This page describes operational actions involving the MediaWiki JobQueue infrastructure at WMF, such as runbooks for responding to JobQueue-related alerts.

Alerts

JobQueueLowTrafficConsumerWidespreadHighLatency

This alert and runbook are brand new. If anything is unclear, please seek assistance and flag in task T378609.

This alert detects when the majority of active job types processed by changeprop-jobqueue’s shared "low-traffic" consumer have been experiencing unusually high processing delays for sustained period.

Investigation

The most likely trigger is a large influx of jobs for one specific job type, which is starving other job types processed by the shared consumer for throughput (i.e., a job that is no longer “low traffic”).

Start by opening the JobQueue Low Traffic Jobs dashboard link that accompanied the alert. Look for a large increase in processing rate for a single job’s associated rule (the trigger) that correlates with increased processing delay across many other rules. You may also see a large increase in backlog for one or more topics, including that associated with the trigger job.

If there's no obvious "high traffic" trigger, another possibility is a modest influx of an unusually slow-processing job, that is starving other job types on the shared consumer (concurrency is limited). For that, instead look for an outlier rule (job) with an unusually high processing duration.

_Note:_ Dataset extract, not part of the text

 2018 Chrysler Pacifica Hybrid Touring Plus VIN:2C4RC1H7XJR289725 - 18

If at this point there is no clear trigger job, STOP. Something more subtle is likely happening, and attempting to follow the response guidance below may be more disruptive than helpful.

Response

Responding to this scenario is a three-step process, in which we move processing of the trigger job out of the shared low-traffic consumer (mitigation) and onto its own dedicated consumer / processing rule (resolution).

Mitigation

First, prepare a patch to add the trigger job to the high_traffic_jobs_config in helmfile.d/services/changeprop-jobqueue/values.yaml in the deployment-charts repo with enabled: false.

For example, if TriggerJob is the name of the job you identified (associated with rule low-traffic-jobs-mediawiki-job-TriggerJob and topic $DC.mediawiki.job.TriggerJob):

    high_traffic_jobs_config:
      [ ... ]
+     TriggerJob:
+       enabled: false
+       concurrency: 10  # Arbitrary initial concurrency.

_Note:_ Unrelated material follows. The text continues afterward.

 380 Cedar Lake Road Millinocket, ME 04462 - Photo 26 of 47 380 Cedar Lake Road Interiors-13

Merge this change and deploy it (Kubernetes/Deployments).

Once this is deployed, processing delay time should start to drop for other jobs (rules) on the low-traffic consumer. If this is the case, the incident is now mitigated, but not yet resolved, since processing is now paused for the trigger job.

Resolution

FIXME: This procedure ignores retry topics.

Resolution involves two steps.

First, prepare the new dedicated consumer to pick up from where the low-traffic consumer left off.

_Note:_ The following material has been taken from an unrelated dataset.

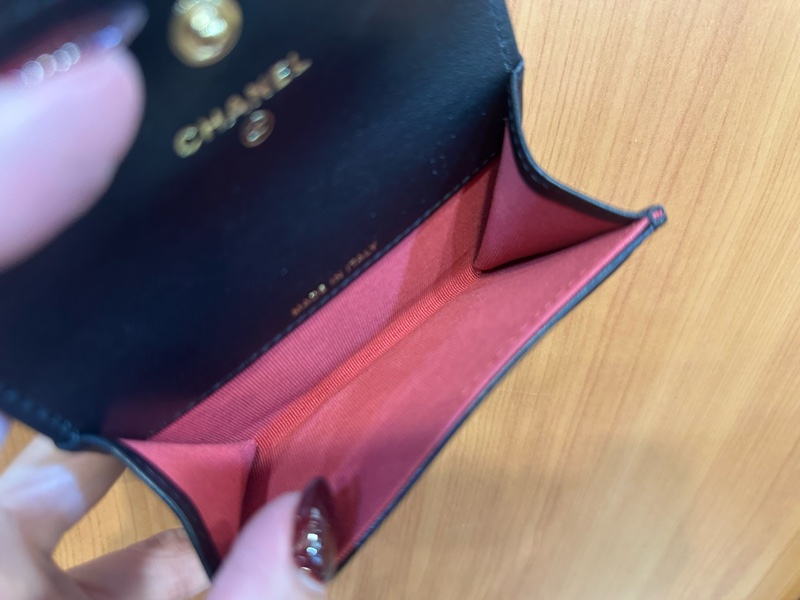 Chanel 黑羊皮金釦19下蓋零錢卡包AP1790-6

In practice, this step is likely only required in the alerting site (which should in general be the current primary DC). However, it's best to perform this same procedure in both core DC sites in sequence.

Start by fetching the current offset of the trigger job's topic on the cpjobqueue-low_traffic_jobs consumer. From any kafka-main broker host in the site you're operating on:

kafka-consumer-groups --bootstrap-server localhost:9092 --group cpjobqueue-low_traffic_jobs --describe

For the topic associated with a low-traffic job type, we should only ever see a single partition (0). Take note of its CURRENT-OFFSET, which we will use to initialize the offset of the new dedicated consumer group. We can test this out by running the following:

kafka-consumer-groups --bootstrap-server localhost:9092 --group cpjobqueue-$TRIGGER --topic $DC.mediawiki.job.$TRIGGER --reset-offsets --to-offset $OFFSET --dry-run

where $TRIGGER is the trigger job you identified (i.e., TriggerJob in our example above), $OFFSET is the CURRENT-OFFSET on the old consumer group, and $DC is site you're currently operating on.

Then, if there are no issues reported (e.g., we got the topic name wrong) run that again with --execute instead of --dry-run. You can then confirm the offset was initialized with:

kafka-consumer-groups --bootstrap-server localhost:9092 --group cpjobqueue-$TRIGGER --describe

Second, prepare a second patch to set enabled: true in the high_traffic_jobs_config on the dedicated consumer / rule you configured previously, merge, and deploy. Continuing the example from above:

      TriggerJob:
-       enabled: false
+       enabled: true
        concurrency: 10

At this point, you should see processing begin on the new dedicated consumer / rule begin processing, which you can confirm via the JobQueue Job dashboard by selecting the trigger job.